A window 20 of uniform illumination in accordance with of FIG. 2a can be 
created using an arrangement as illustrated in FIG. 6. The light source 
104 projects a cone of light onto a partially reflective mirror 130 which 
reflects the cone toward the aperture 112. The aperture 112 restricts the 
cone of light, such that the view of the sensor 100 matches the portion of 
the light cone projected toward the target 116. 
The arrangements of FIGS. 5 and 6 can be combined to create the window 28 
of FIG. 2c. 
FIG. 7 illustrates a still further arrangement. In this arrangement plural 
light sources 140, such as light emitting diodes, are arranged around the 
periphery of the sensor and the view of the sensor 110 is restricted by a 
tube 142. The tube 142 is the shape of the sensor 110, such as a square. 

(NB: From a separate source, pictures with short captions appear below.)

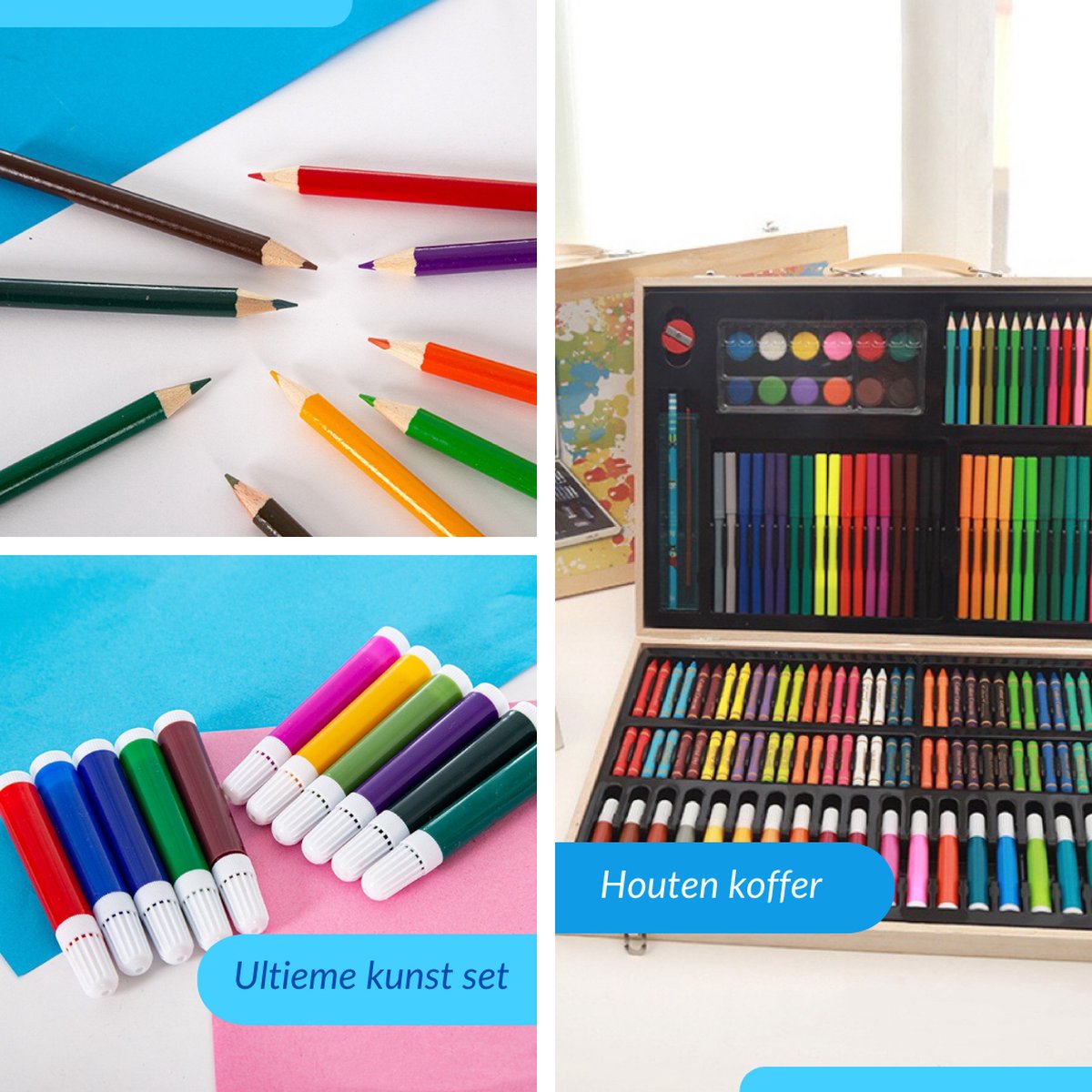 Buxibo Luxe 180-Delige Teken- en Verf Set - Tekendoos met Kleurpotloden, Waskrijt en Acrylverf - Tekenset Compleet voor Kinderen en Volwassenen — afbeelding 19
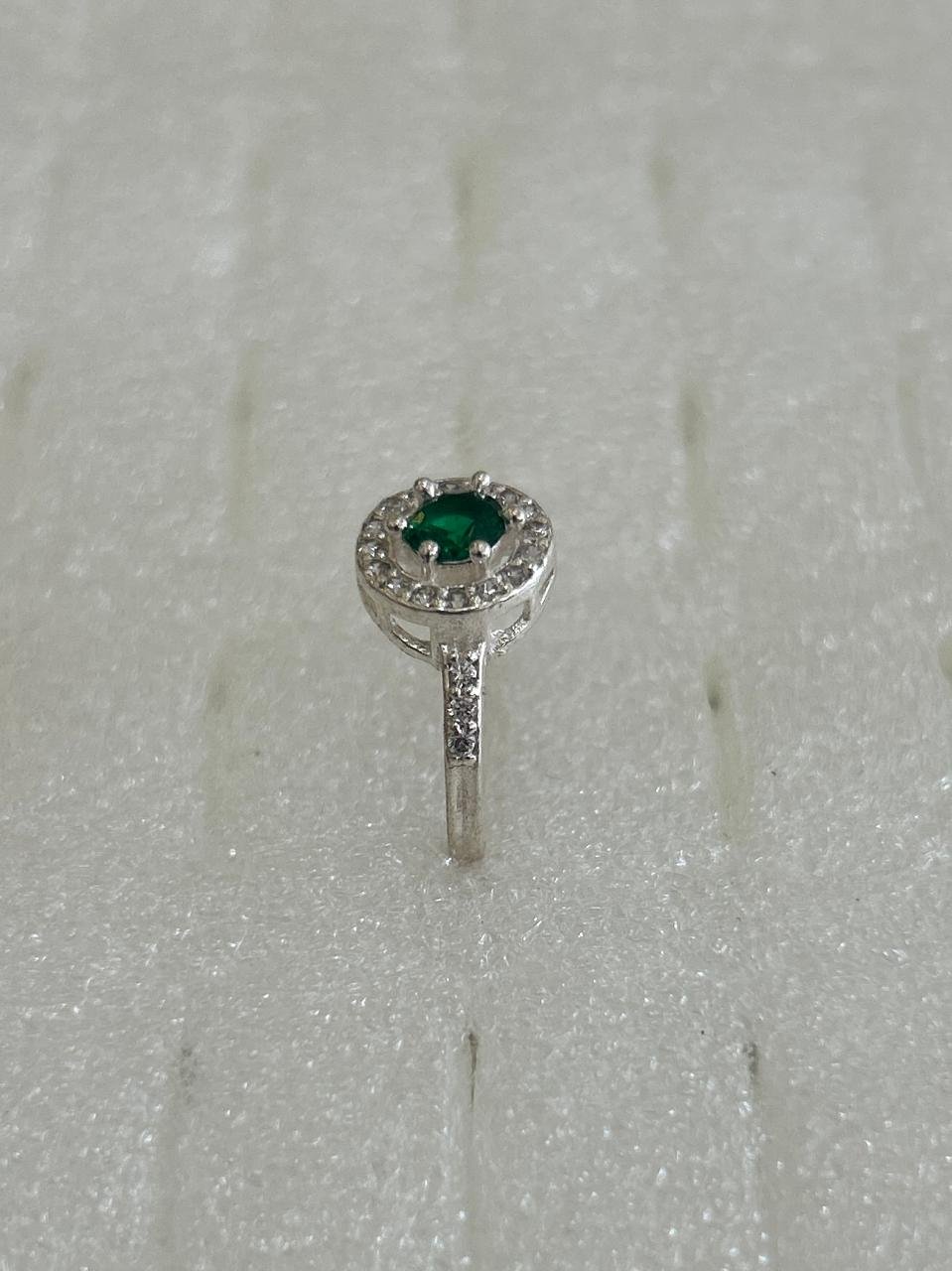 Silver-Toned Classic Round Halo Ring with Emerald Green Center & CZ Accents - Image 4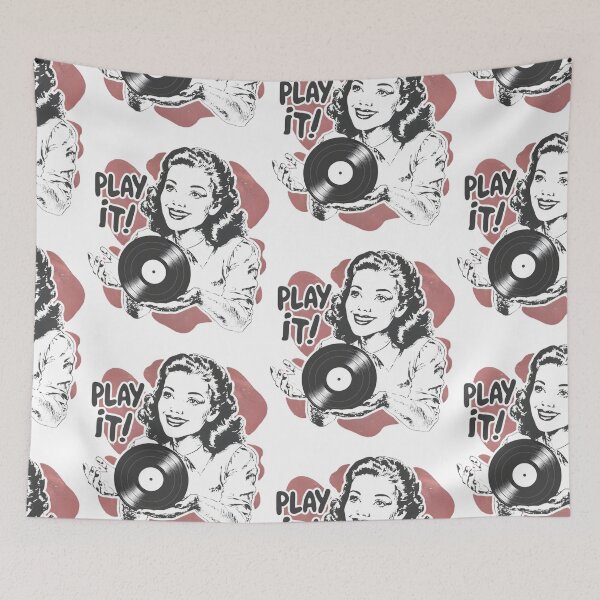 Item preview, Vintage Woman Holding Vinyl — “Play It!” designed and sold by Nacho Average Designs.
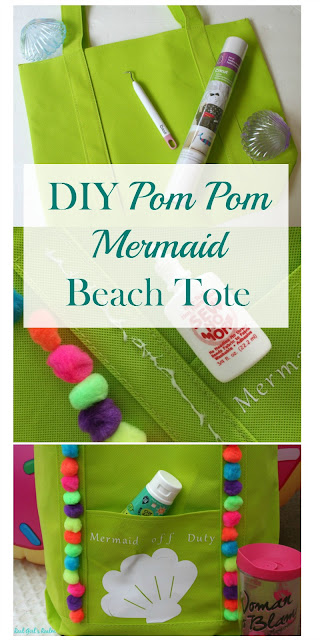 Want a cute tote bag for the pool or beach? Turn a plain Dollar store bag into a bright mermaid tote with pom poms using your Cricut!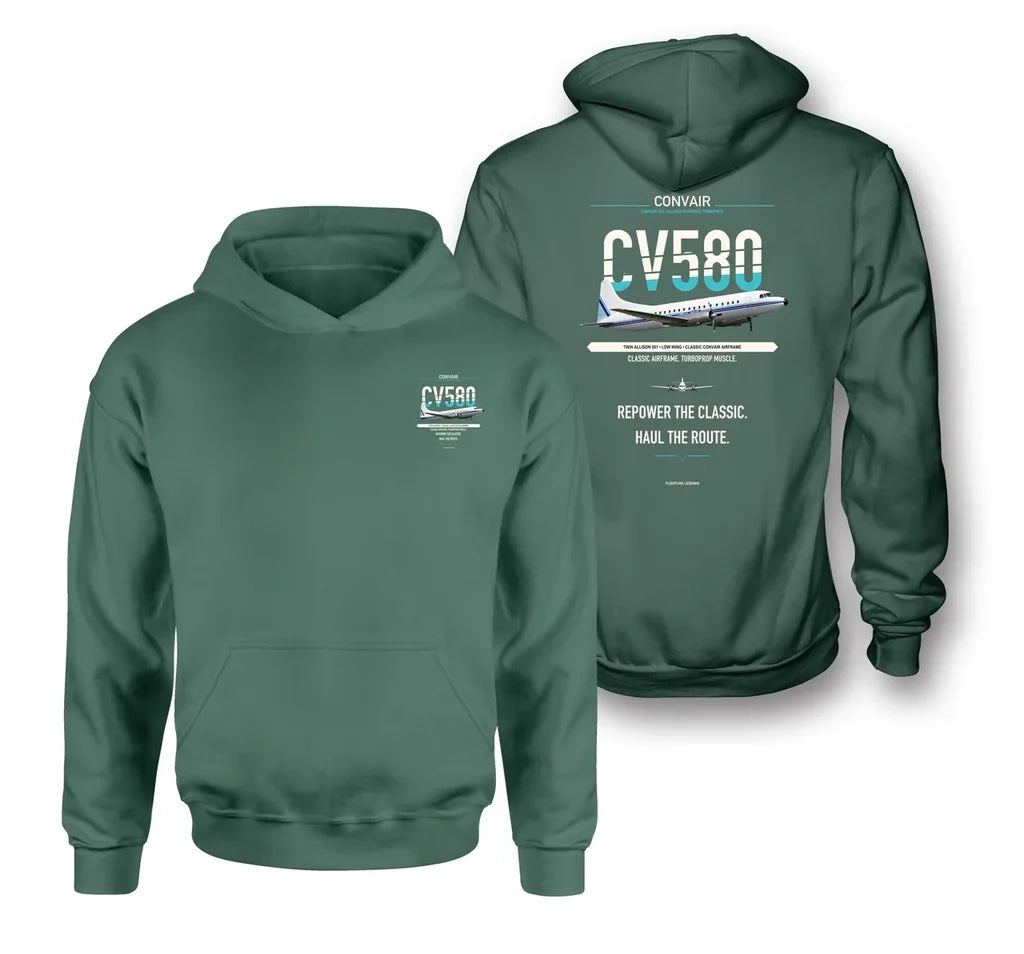 Convair 580 design on green hoodie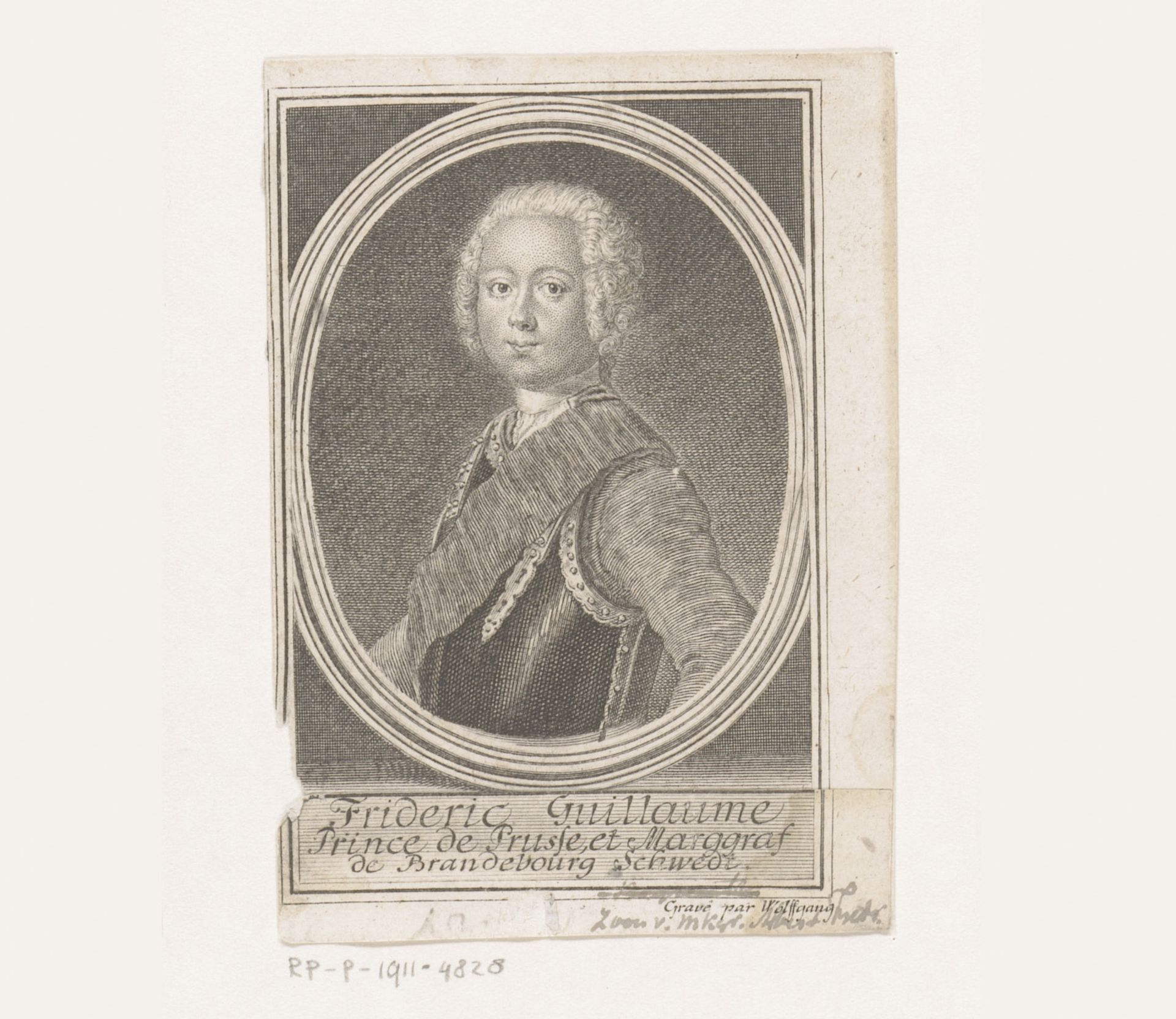 Portret van Friedrich Wilhelm, Markgraf von Brandenburg-Schwedt by Gustav Andreas (1692-1775) Wolfgang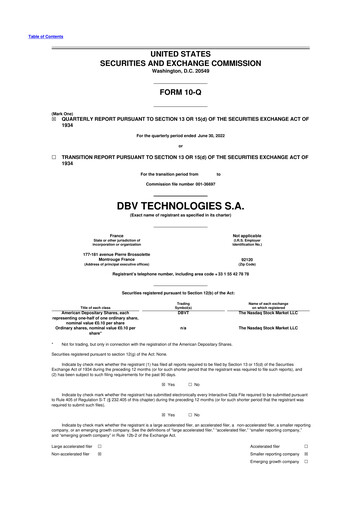 Thumbnail DBV Technologies 10-Q Quarterly Report FY2022 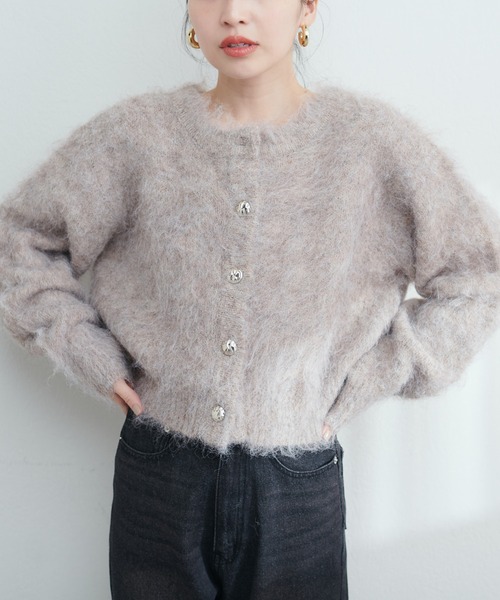 natural couture（ナチュラルクチュール）の「べこべこ釦ほんわりニットカーデ（カーディガン/ボレロ・レディース・グレー/アイボリー/モカ/ラベンダー/ネイビー/イエロー・FREE）」の19枚目の写真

The light sources 140 project light cones defined by projection lines 144 
and 146. A portion of each cone is blocked by the sensor 110 and tube 142. 
Another portion of each cone is blocked by aperture 112 such that a ring or 
border is created around the symbol 116. 
FIG. 8 illustrates a solid mask 150 being used to project a border type 
window 152 where the window 152 is triangular in shape. A lense 154 
focuses the light from light source 156 onto the solid mask which blocks 
all light from source 156 except the desired pattern for the window. 
FIG. 9 illustrates a still further method of creating the window with or 
without a border. In this arrangement a rotating wheel 160 includes a 
appropriately shaped mirrors 162 and 164. One or more beams 166 and 168 of 
light from an illumination source 170, such as a laser, are raster scanned 
by the rotating mirrors to produce the window. The wheel with the mirrors 
can be located behind the detector 110 as illustrated in FIG. 6 or to one 
side as illustrated in FIG. 7. An optional aperture 172 can also be 
provided to restrict the projection of the beams. The window thus created 
can be like the windows of FIGS. 2a-2c. 
Other techniques for creating the window using beams of light include 
oscillating mirrors and a mask with holes for creating a dotted border. 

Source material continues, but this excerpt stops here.